— WHAT YOU HAVE TO DO —
Repeat the records verbatim and leave the pictures out of your copy.

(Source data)
════

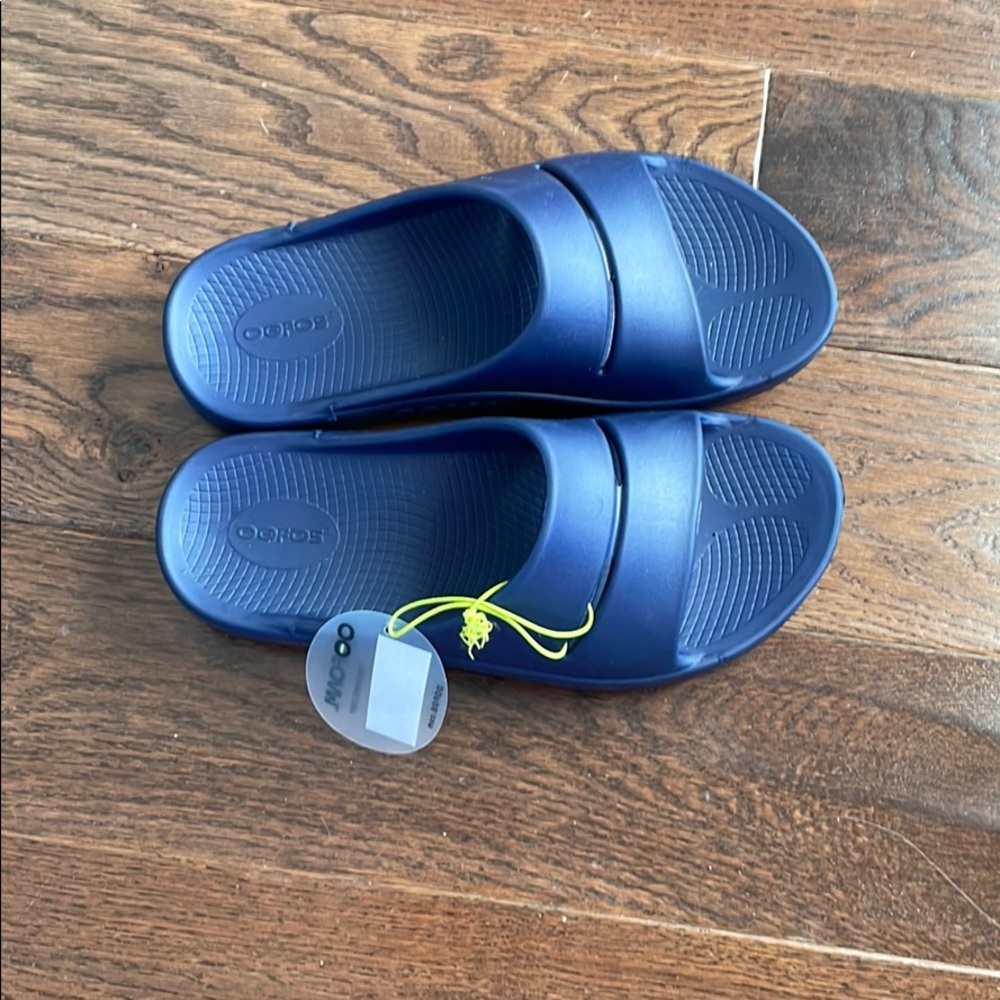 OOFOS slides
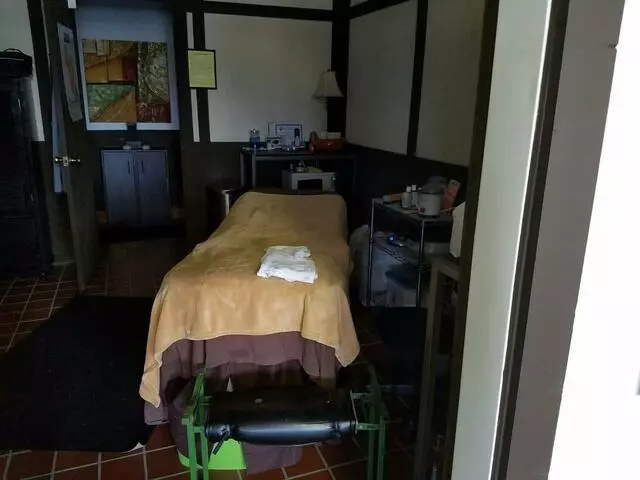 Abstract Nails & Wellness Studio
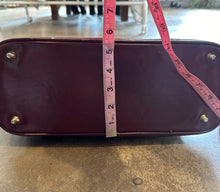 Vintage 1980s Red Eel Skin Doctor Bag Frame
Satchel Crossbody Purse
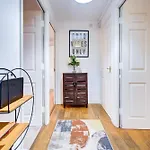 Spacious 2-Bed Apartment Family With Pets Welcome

════

— SOLUTION TO THE EXERCISE —
 OOFOS slides
 Abstract Nails & Wellness Studio
 Vintage 1980s Red Eel Skin Doctor Bag Frame
Satchel Crossbody Purse
 Spacious 2-Bed Apartment Family With Pets Welcome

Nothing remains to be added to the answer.